Pero todo esto no es importante aquí, porque se trata de la vida de Sanpedro y tiene derecho a hacer con ella lo que guste. Volvemos al argumento matriz y nos quedamos como estábamos.

El único debate de pretendido nivel de la película se da entre un obispo de pensamiento medieval (Dios nos da, Dios nos quita, etc, etc) y el propio Sanpedro que argumenta con un anda que tú que, aparte de ser verdad y hacer mucha gracia a la audiencia, no aporta realmente nada al debate, salvo para constatar lo fuera de onda que está la Iglesia.

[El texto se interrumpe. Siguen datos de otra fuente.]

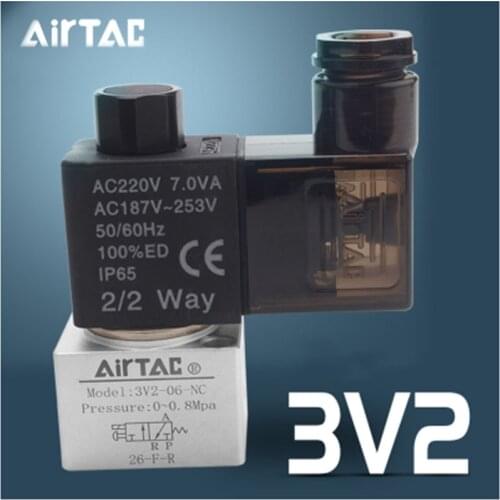 Solenoid valve vacuum solenoid valve Three position Two Way 3V2-06/08 DC24V AC220V Airtac Automation Line NBSANMINSE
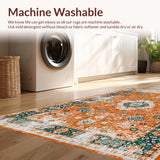 Ultra Soft Area Rug, Non Slip, Stain Resistant, Washable Area Rugs for Living Room, Bedroom, Chic Retro Floral Harmony(Orange)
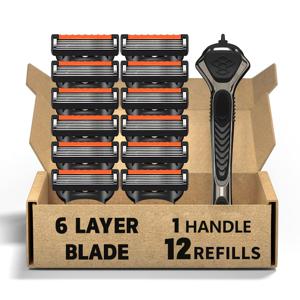 TEMU 1개 맨즈 수동 면도기 세트 - 6층 안전 면도기, 1개 손잡이 및 12개 재충전 가능한 금속 블레이드 포함, 수염 및 콧수염 관리용 - 부드러운 면도 경험을 위한 사용 및 청소 간편
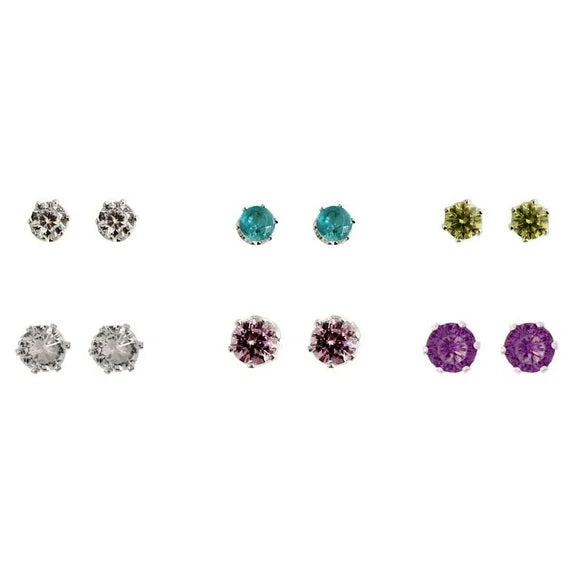 Time and Tru Women’s 6-Pack Multi-Colored Stud Earrings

Después hay una historia de amor que no entiendo entre el personaje de Belén Rueda y Ramón Sanpedro. No sé si es verídico o no, pero aunque lo fuera, tal y como está contado, no aporta nada a ninguno de los dos. Porque para hacer lo que hacen bastaba con la compenetración entre ambos. Yo no lo puedo entender más que como una concesión a corazones tiernos poco exigentes.

Una película de reflexión no es un mecanismo de relojería, cuyo engranaje se descubre al final. Al contrario, cada escena, cada diálogo tiene que iluminar algo que antes estaba oscuro, descubrir nuevas ideas, nuevos enfoques, conmover cuando sea necesario y, sobre todo, hacer pensar. Mientras estos temas sean desarrollados por los pirotécnicos de Hollywood (y Amenábar fabrica su estilo cada vez más próximo a ellos), no veremos más que la espuma sobre la cresta de la ola y nos perderemos el resto del mar. Veremos buenos movimientos de cámara y montajes narrativos claros, todo muy cinematográfico, pero sin alma o, peor aún, con un alma falsa. Me pregunto cómo habría desarrollado este tema un director capaz de profundizar en cada situación y conversación de sus personajes con elegancia y honestidad, y con un engranaje sí, pero no uno material, sino mental, que nos llevara mar adentro.